Ask may sue over Airport City bid process
ASK Developments is considering legal action over the bidding process for Manchester Airports Group’s (MAG) major Airport City scheme.
In a statement the company, led by Ken Knott, said it was shocked and disappointed to learn from media reports that it had been ruled out when it had been told by MAG’s property adviser CBRE on July 9 that the procurement process had been terminated altogether.
The Manchester-based developer was in the running to secure the development brief after forming a joint venture with the Beijing Construction and Engineering Group (BCEG), which is supported by Industrial and Commercial Bank of China (ICBC), the China state bank.

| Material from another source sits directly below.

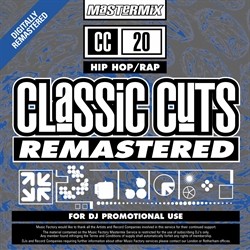 Mastermix Classic Cuts 20: Hip Hop/Rap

It was up against a consortium of Argent, the Greater Manchester Property Venture Fund and Carillion to build 1.2m sq ft of offices, 530,000 sq ft of manufacturing space and 1,300 hotel beds at a 65-acre site north of the airport.
In a statement it said: “Ask expresses its profound shock and disappointment that the statement contradicts a letter received by Ask and its consortium partner Beijing Construction and Engineering Group (BCEG) from MAP’s [Manchester Airport Property] consultants CBRE of July 9 stating that the bids for Airport City ‘do not present the best solution for MAP’ and states: ‘MAP regrets to inform you that the procurement process for a partner for Airport City is terminated.'”

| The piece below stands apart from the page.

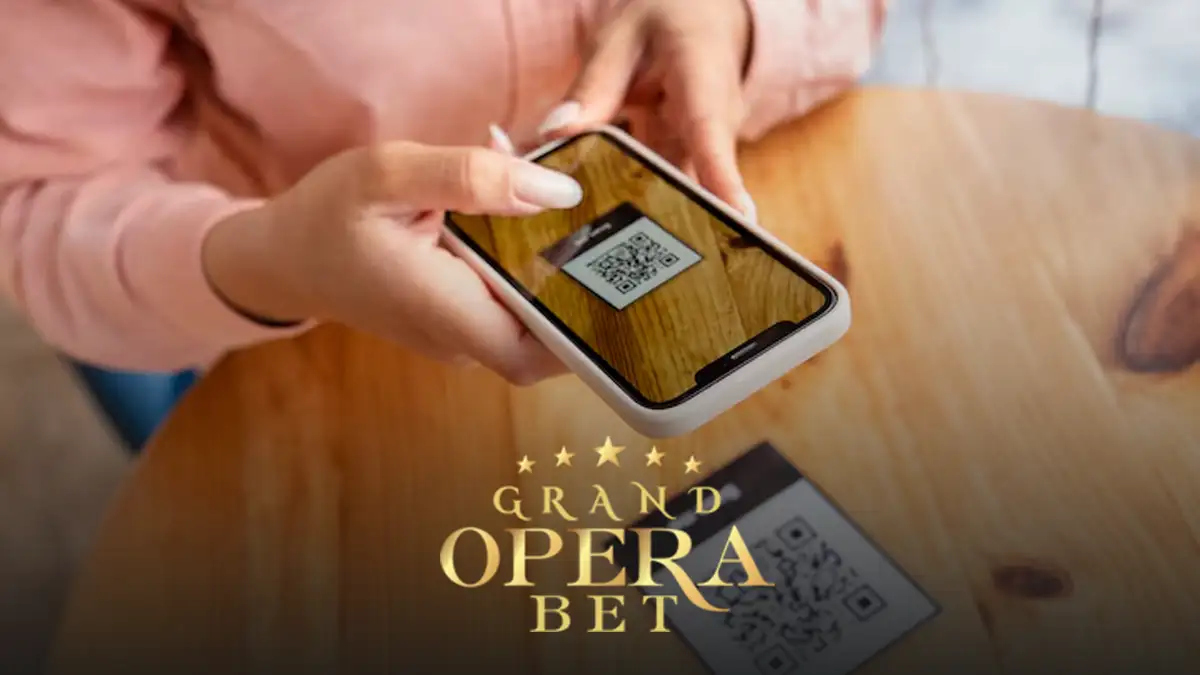 Grandoperabet QR yatırımı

It added: “Ask confirms that in light of this announcement, and the huge volume of work undertaken by Ask in leading the consortium’s proposals and driving the Chinese investment proposition, it is seeking legal advice on the options available to the company.”

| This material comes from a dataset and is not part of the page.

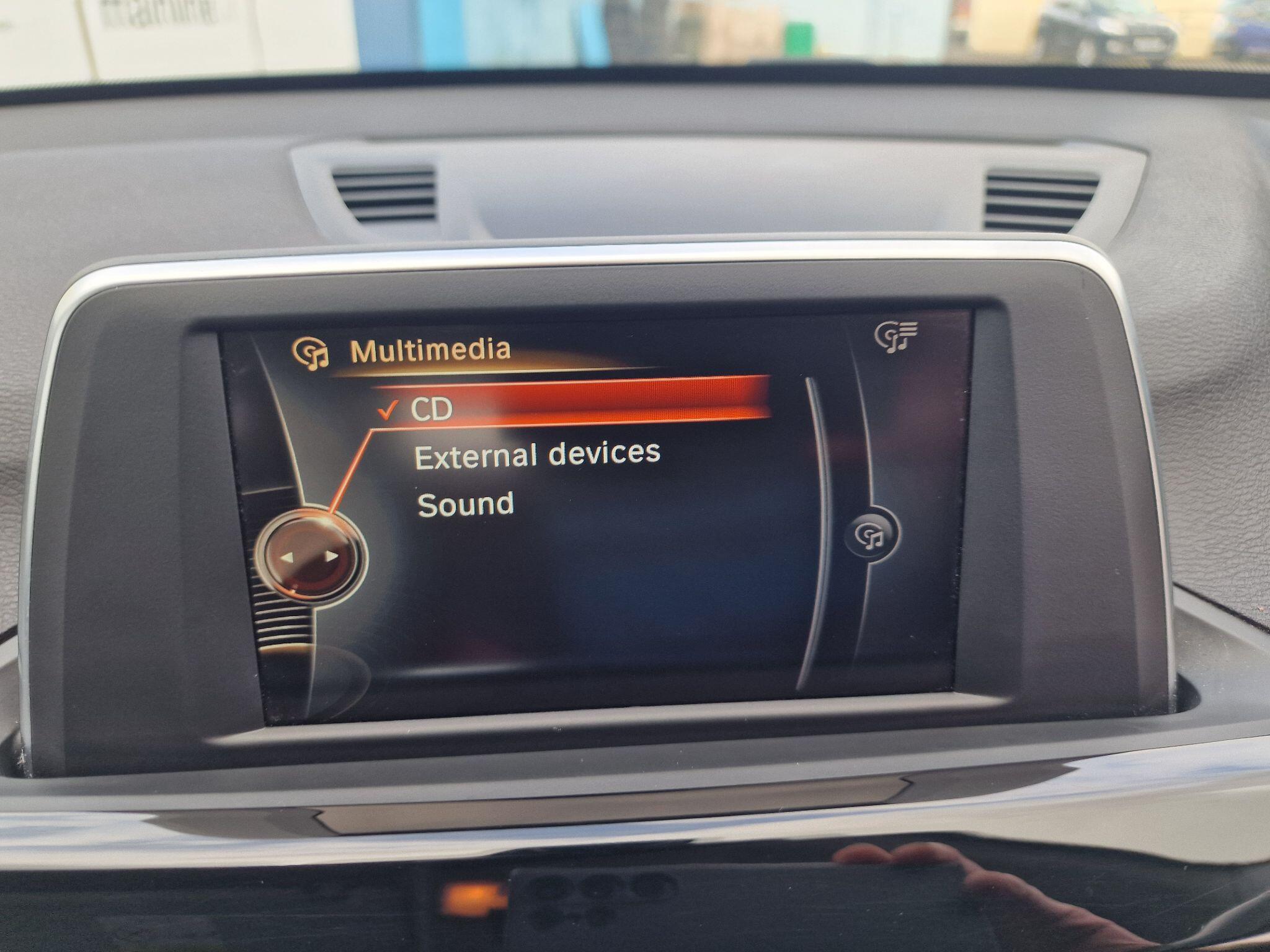 BMW X1 view 54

A MAG Property spokesperson said: “Ask and a number of other parties have not been successful in getting through to the final round of negotiations during a thorough selection process that has been conducted since the end of 2012.
“While we cannot comment on those companies in the final round until negotiations have been completed, we expect to announce the successful consortium by the start of the Autumn.”